## ACTIVITY
Should the listing contain images, exclude them; give the rest again exactly.

RAW DATA START

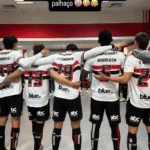 Muller rebate Arboleda após zagueiro do São Paulo chamá-lo de palhaço: “Tem que ganhar título”
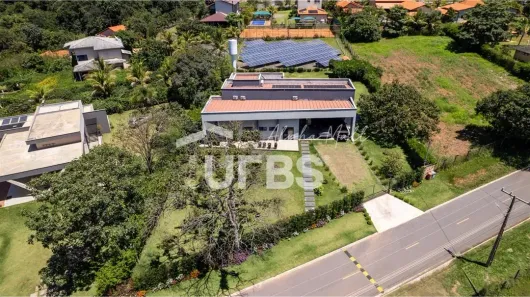 Casa de Condomínio com 3 Quartos à venda, 360m² no , Hidrolândia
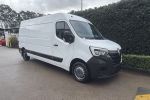 Image for 2022 Renault Master Pro 110kW X62 Phase 2 LWB Mid Roof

RAW DATA END

## YOUR RESPONSE
 Muller rebate Arboleda após zagueiro do São Paulo chamá-lo de palhaço: “Tem que ganhar título”
 Casa de Condomínio com 3 Quartos à venda, 360m² no , Hidrolândia
 Image for 2022 Renault Master Pro 110kW X62 Phase 2 LWB Mid Roof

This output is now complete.